GOING BEYOND MANDATE, UN AGAIN SUGGESTS INTERIM GOVT. ENCOURAGING MAOISTS

By Bhola B Rana

Kathmandu, 9 Sept.: Going beyond its mandate given by parliamentary parties and Maoists, UN has again suggested a consensus government directly inciting Maoists to prolong anti-government campaign.
The UN has also suggested a ‘duly formed’ government should decide its new mandate when it sought the support of the duly formed government of Prime Minister Madhav Kumar Nepal to extend its tenure that ends 15 September.
Maoists haven’t succeed in toppling the Nepal government even in seven round of elections; the eight round will be held 26 September and the government with a majority continues.

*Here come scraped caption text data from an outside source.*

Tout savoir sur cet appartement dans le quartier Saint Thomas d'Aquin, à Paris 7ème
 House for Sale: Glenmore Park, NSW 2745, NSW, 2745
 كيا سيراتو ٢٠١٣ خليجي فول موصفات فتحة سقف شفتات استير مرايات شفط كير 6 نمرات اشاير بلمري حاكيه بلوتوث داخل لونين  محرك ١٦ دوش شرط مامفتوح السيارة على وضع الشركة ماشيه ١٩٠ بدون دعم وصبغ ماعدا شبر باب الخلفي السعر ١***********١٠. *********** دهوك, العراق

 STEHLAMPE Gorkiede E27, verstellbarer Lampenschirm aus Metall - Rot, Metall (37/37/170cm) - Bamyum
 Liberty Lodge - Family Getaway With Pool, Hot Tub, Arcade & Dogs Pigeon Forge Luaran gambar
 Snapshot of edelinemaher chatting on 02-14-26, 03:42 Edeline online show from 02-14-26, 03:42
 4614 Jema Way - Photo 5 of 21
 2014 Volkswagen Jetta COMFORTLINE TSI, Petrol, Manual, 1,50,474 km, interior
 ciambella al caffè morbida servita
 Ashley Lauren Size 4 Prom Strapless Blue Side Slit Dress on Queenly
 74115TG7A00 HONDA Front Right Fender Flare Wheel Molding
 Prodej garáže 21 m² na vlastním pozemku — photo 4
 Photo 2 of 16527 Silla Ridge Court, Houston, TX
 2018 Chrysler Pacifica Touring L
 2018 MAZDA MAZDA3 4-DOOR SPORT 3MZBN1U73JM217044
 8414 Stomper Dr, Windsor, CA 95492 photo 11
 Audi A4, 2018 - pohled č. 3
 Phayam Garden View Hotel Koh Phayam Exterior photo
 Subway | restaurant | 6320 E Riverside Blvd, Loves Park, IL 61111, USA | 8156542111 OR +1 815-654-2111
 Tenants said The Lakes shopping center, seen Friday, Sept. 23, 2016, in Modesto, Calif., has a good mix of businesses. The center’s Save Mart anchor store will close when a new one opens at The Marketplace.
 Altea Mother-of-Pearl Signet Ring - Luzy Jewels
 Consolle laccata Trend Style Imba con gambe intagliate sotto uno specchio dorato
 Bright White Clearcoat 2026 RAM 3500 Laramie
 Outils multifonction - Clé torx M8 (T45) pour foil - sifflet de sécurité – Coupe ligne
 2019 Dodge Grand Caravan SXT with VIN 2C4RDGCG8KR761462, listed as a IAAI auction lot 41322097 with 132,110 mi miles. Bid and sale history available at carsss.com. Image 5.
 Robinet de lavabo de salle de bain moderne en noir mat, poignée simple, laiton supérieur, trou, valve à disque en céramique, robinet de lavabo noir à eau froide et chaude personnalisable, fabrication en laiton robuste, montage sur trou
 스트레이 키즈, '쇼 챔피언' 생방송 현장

The tussle between ruling parties is to find a replacement between them for PM Nepal.
President Dr Ram Baran Yadav called for election to elect a prime minister through majority vote in parliament when an attempt to form a consensus government failed in the first round.
The effort is completely constitutional.
UN renewed a call for a consensus government after a long silence when the world body was accused for interfering in Nepali affairs when the suggestion was first raised by going beyond its mandate.
The suggestion will only encourage anti-government and street politic of Maoists.
There’s no guarantee the peace process will be completed and a constitution promulgated by a consensus government with fundamental differences on issues between major political parties.
The whole current exercise is just to grab power.
Maoists want to establish a communist state opposed by other parties. This fundamental fact has been ignored by UN.
Despite claims to the contrary, UN is also responsible for the current mess for which people have been suffering for three years and political players aren’t bothered as they enjoy the best facilities extended by donors.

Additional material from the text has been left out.